As one who went to this type of diet in April, I can tell you that my food bill is up 40%. It's a lot more expensive to buy beef, fish, cheese and eggs than it is to buy pasta, bread, rice and frozen pizzas. It's not cheap getting all those fresh vegetables, yogurt and berries either.
But it's worth it to me. My health situation has done a 180 degree turn in the past six months. I feel 10 years younger - only 20 years poorer! If only fresh cod and prime rib didn't cost $7.99 a pound.
The decreased US production is the result of enviro-whackos and drought. Beef producers are getting a higher price for their cattle right now. I work at a cattle auction and have, off and on, for 30 years and I've been amazed at some of the prices.
The part about Canada is probably making a difference but in the beef industry diseases aren't taken lightly.
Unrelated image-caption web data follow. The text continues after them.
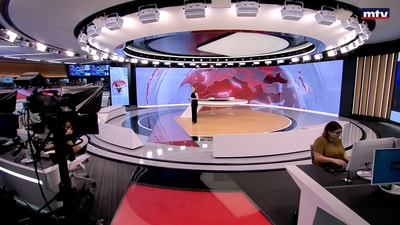 15 May 2025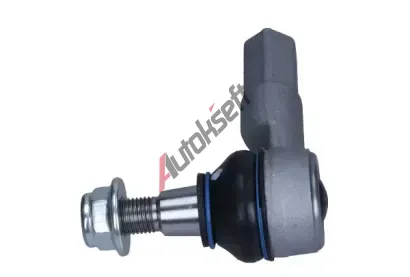 QUARO Čep řízení QAR QS3783/HQ, QS3783/HQ QUARO Čep řízení QAR QS3783/HQ, QS3783/HQ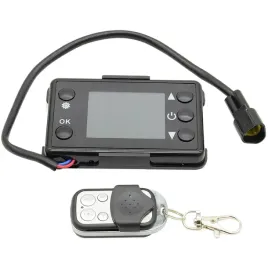 sterownik-lcd-pilot-do-nagrzewnicy-webasto-24v-wyswietlacz-cyfrowy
Our state has a Tuberculosis quarantine and every cow has to test negative before it leaves the state. This is because ONE cow in a dairy herd tested positive and the quarantine will not be lifted for 7 years and only if there are no more positive tests.
However, high prices are always the cure for high prices; it's just going to take a while for the cure to kick in. Look for the herd to begin increasing in the very next cycle -- calves are the original stock splits, and this kind of stock split will be as popular for the next year or two as the paper kind was in 1999 and 2000.
FReegards!
We've seen this model in other industries, btw -- integrate (at least partially) or die.
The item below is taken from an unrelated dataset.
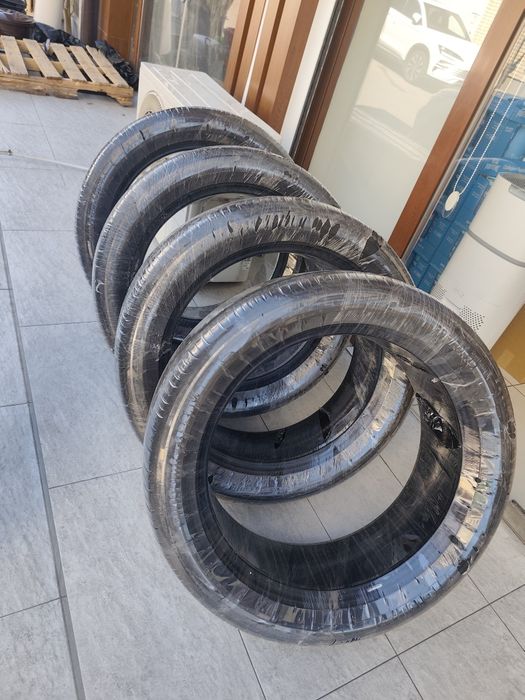 Шины byd song plus giti comfort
As regards subsidies, I wish I had a tape of a phone conversation with the former head of the House Ag committee, Tom Foley, in 1974. I guarantee you that he found out, in explicit detail, exactly what I thought (and still think) of subsidies, particularly subsidies to not produce.
We've seen this model in other industries, btw -- integrate (at least partially) or die.
As regards subsidies, I wish I had a tape of a phone conversation with the former head of the House Ag committee, Tom Foley, in 1974. I guarantee you that he found out, in explicit detail, exactly what I thought (and still think) of subsidies, particularly subsidies to not produce.
Carolyn
Yeah.
But it is sure nicer to look in the mirror and not see a bowling ball staring back atcha, eh?